There is a fighting chance for South Korean actor-singer Son Ji-chang to win a case against Tesla Motors should the US automaker proceed with the litigation filed against it for alleged sudden unintended acceleration, experts say.
“When you look at the case, there are some technological shortcomings that are adverse to Tesla’s position,” Kim Pil-soo, an automotive engineering professor at Daelim University, told The Investor on Jan. 10.
“The Model X is equipped with a faulty safety feature of automatic emergency braking that deactivates when the car is accelerated at full power.”
|Tesla Motors CEO Elon Musk introduces Model X SUV.|
Full transcript of interview with celebrity’s attorney on Tesla’s sudden acceleration
“The engineering defect itself is problematic, even besides the sudden unintended acceleration problem,” Kim said. “This means the automaker has to come up with a solution, which could be a recall or other compensation measures, to fix the problem.”
He added that in the US the onus is on the automaker to prove the car is not faulty in the sudden acceleration cases, unlike South Korea where the driver bears the burden of proof. Which means, if Tesla is unable to prove that its Model X is defect-free, it will likely end up settling just to put a closure to the case.
That was the case with Toyota Motors, which settled claims of up to US$1.6 billion for a series of sudden unintended acceleration cases in the US in 2013, after failing to explain its vehicle defects.
On Dec. 30, Son filed a litigation seeking class action status against Tesla in California, after discovering that several cases of unintended acceleration involving the Model X were reported to the National Highway Traffic Safety Administration. Son claimed his Model X unexpectedly accelerated at full power while he was trying to park inside his garage, causing him to crash through the wall and into his living room, injuring himself and his son.

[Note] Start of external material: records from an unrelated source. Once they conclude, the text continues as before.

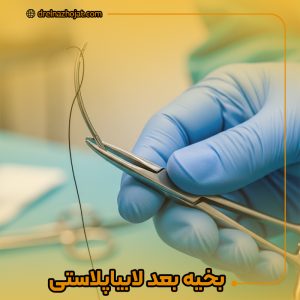 بخیه بعد از لابیاپلاستی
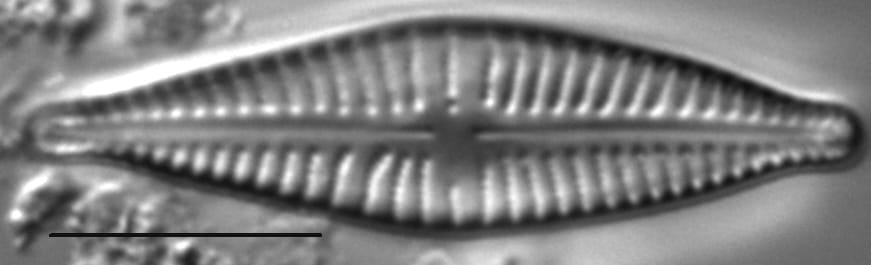 Gomphonema johnsonii LM5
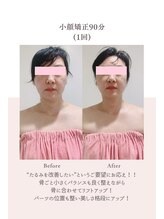 トゥインクル 麻布(twinkle)/南麻布/シンメトリー小顔矯正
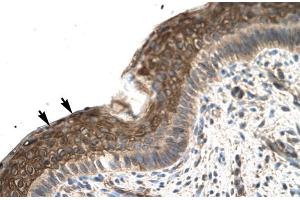 Human Spermatophore; Rabbit Anti-ZFP1 Antibody. (Zfp-1 抗体  (N-Term))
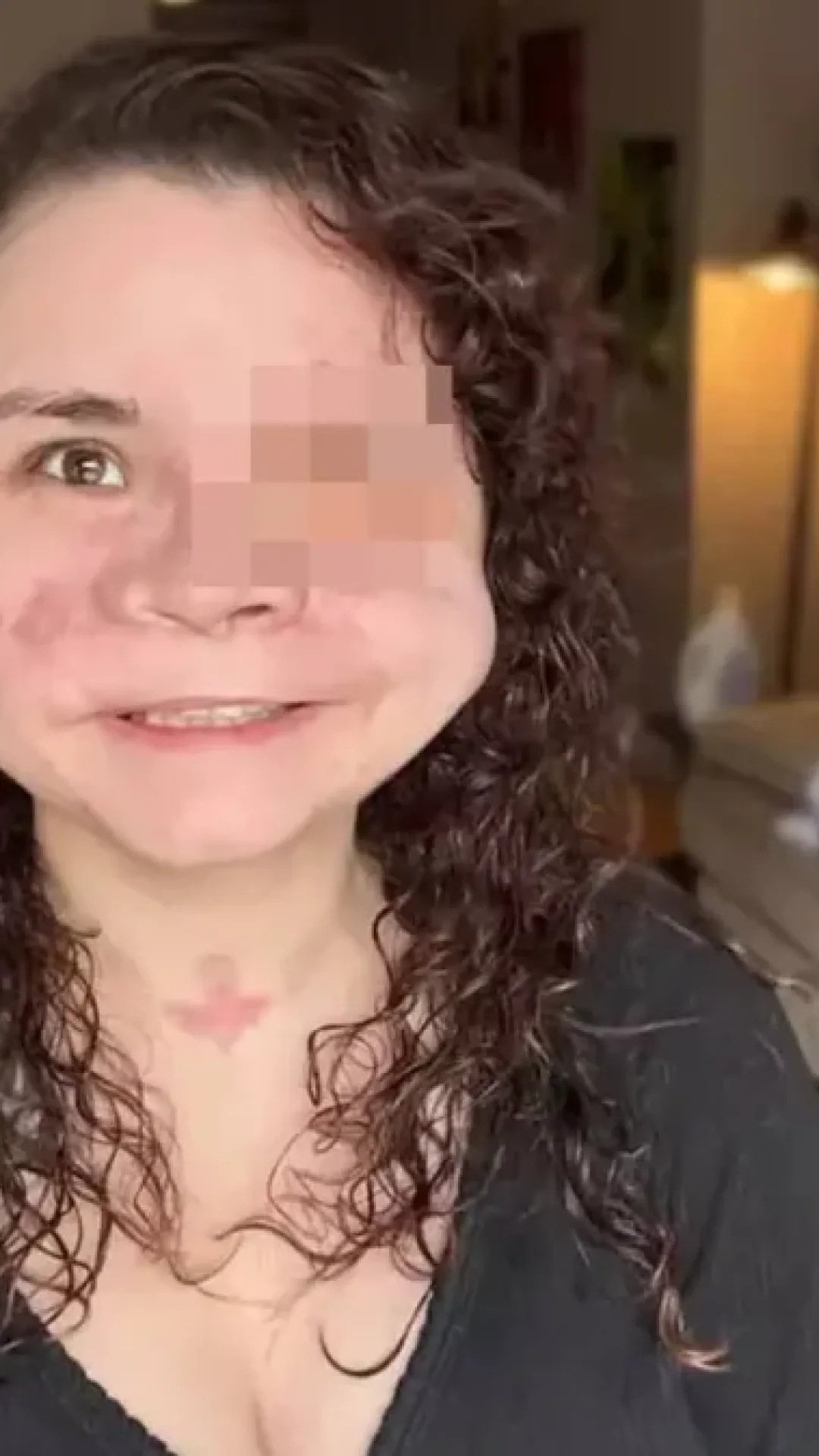 Mulher que recebeu “menos de 2%” de chance de sobrevivência após levar um tiro no rosto compartilha mensagem importante sobre trauma horrível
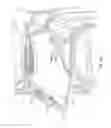 Fig. 22 - IMPLANTABLE NASAL STIMULATOR SYSTEMS AND METHODS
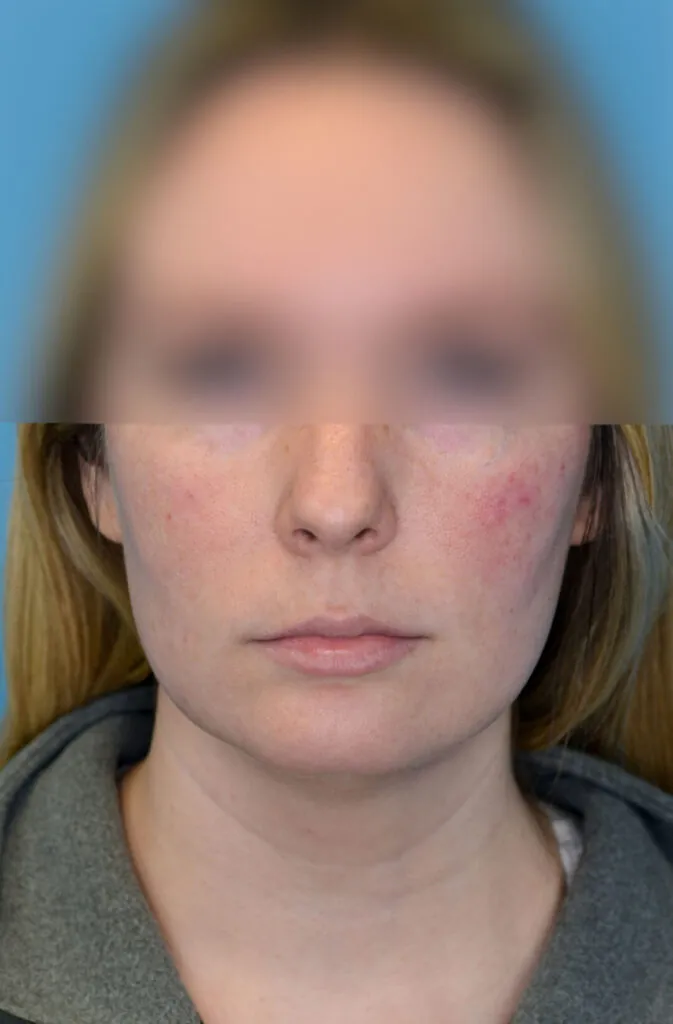 Person's frontal view before neck lift showing loose skin and wrinkles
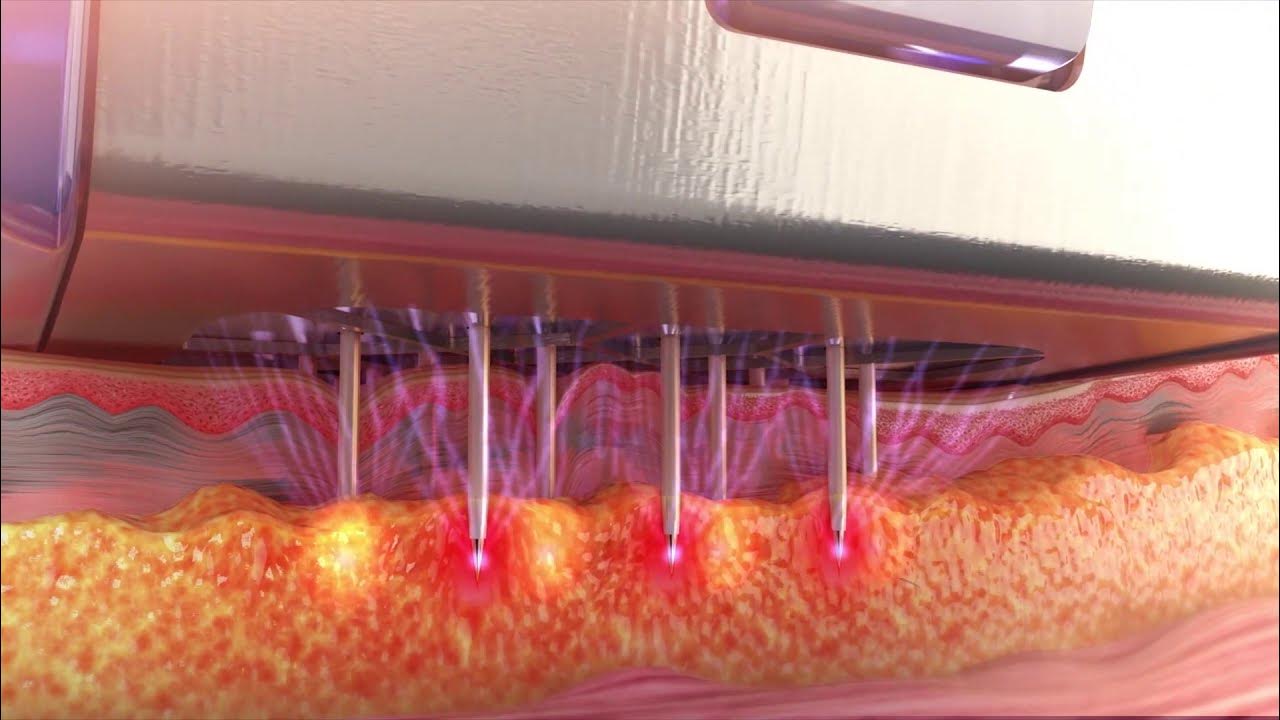How Does RF Microneedling Work? YouTube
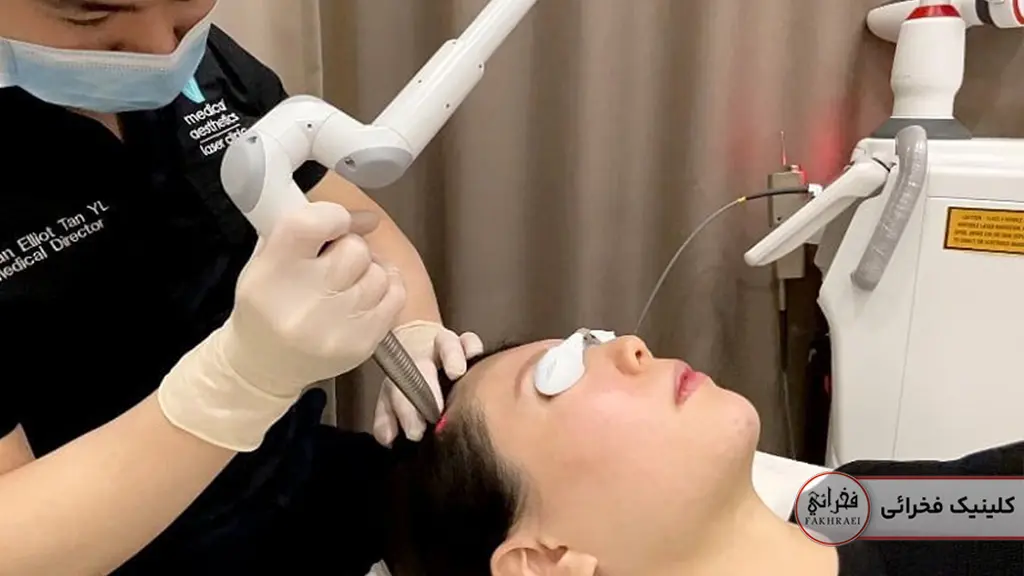 لیزر فوتونا برای موی سر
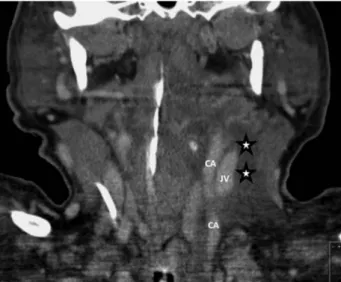 Figure 3: A CT scan showing downward spread of retropharyngeal abscess formation (arrow).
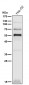 Anti-PPAR gamma Rabbit Monoclonal Antibody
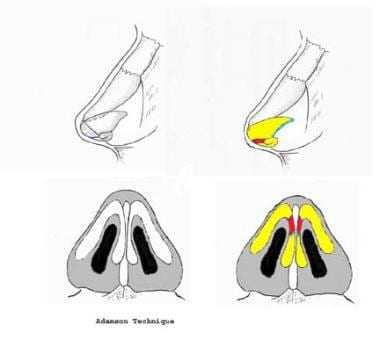 Vertical Dome Division Rhinoplasty Treatment Management Surgical Therapy Preoperative Details Complications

Tesla, however, denied that its Model X suffers from defects. Instead, it said the crash was entirely Son’s fault. Tesla also accused him of blackmail.
“The evidence, including data from the car, conclusively shows that the crash was the result of Mr. Son pressing the accelerator pedal all the way to 100 percent,” Tesla said in a statement to Reuters.
But according to Son’s attorney Richard McCune of McCune Wright Arevalo, LLP, he identified some inconsistencies with the data provided by the automaker, which he plans to address during the lawsuit.
“If it is one or two accidents that makes it tougher to prove. But when you are looking at the number of accidents that all seems to be sort of the same, it is pretty powerful proof that there is a problem beyond just the driver’s mistake,” McCune said. “But as to how we prove it, we will look through all the coding to see if there is a problem with software coding. That happened in Toyota’s case. We will look through the logs of our accident and other accidents.”